Recorded information:
*****

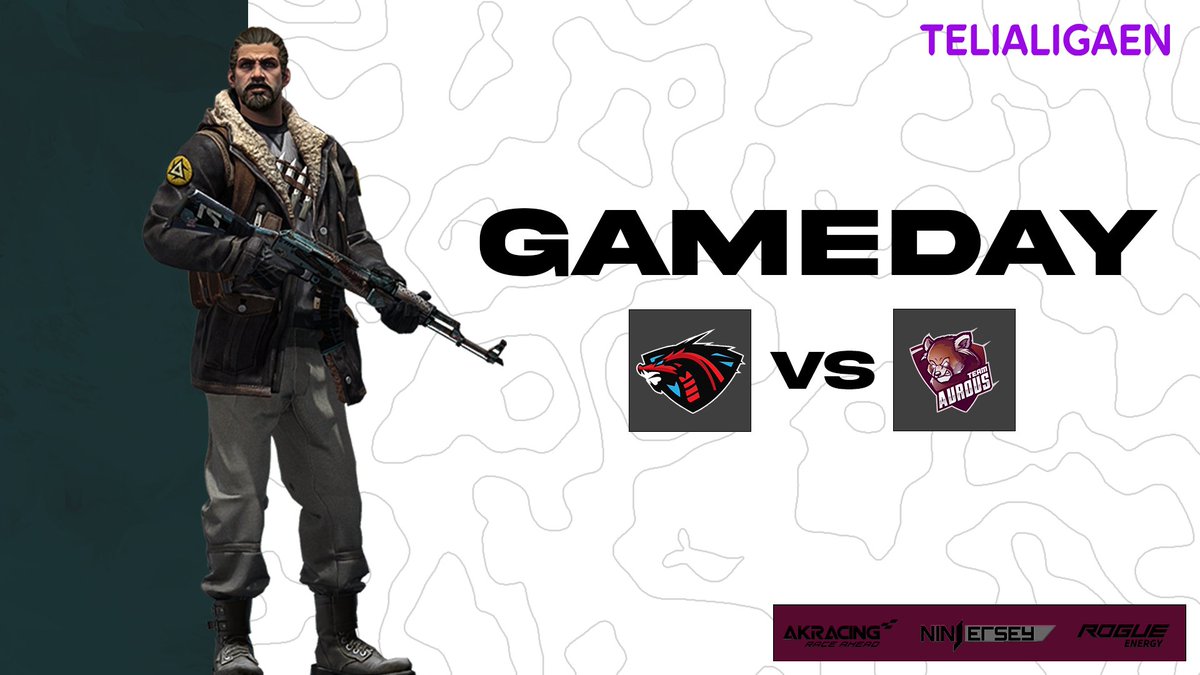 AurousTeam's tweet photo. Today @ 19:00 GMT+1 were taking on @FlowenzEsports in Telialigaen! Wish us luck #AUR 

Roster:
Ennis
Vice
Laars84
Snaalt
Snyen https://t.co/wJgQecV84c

*****

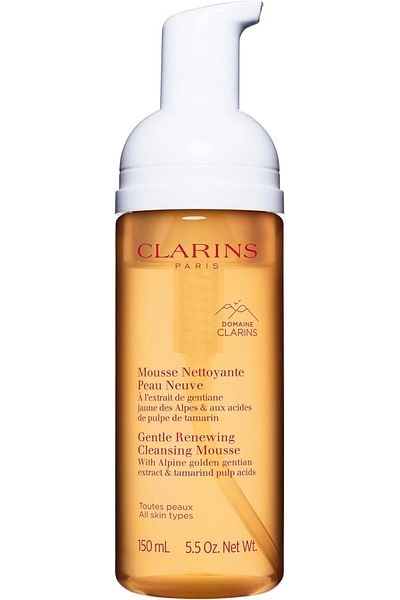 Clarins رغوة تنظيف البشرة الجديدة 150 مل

*****

Task goal: Starting with the line that has "AurousTeam's tweet photo." and going on through the line that has "Snyen https://t.co/wJgQecV84c", transcribe the records above exactly, but skip the pictures.

Solution for this problem:
 AurousTeam's tweet photo. Today @ 19:00 GMT+1 were taking on @FlowenzEsports in Telialigaen! Wish us luck #AUR 

Roster:
Ennis
Vice
Laars84
Snaalt
Snyen https://t.co/wJgQecV84c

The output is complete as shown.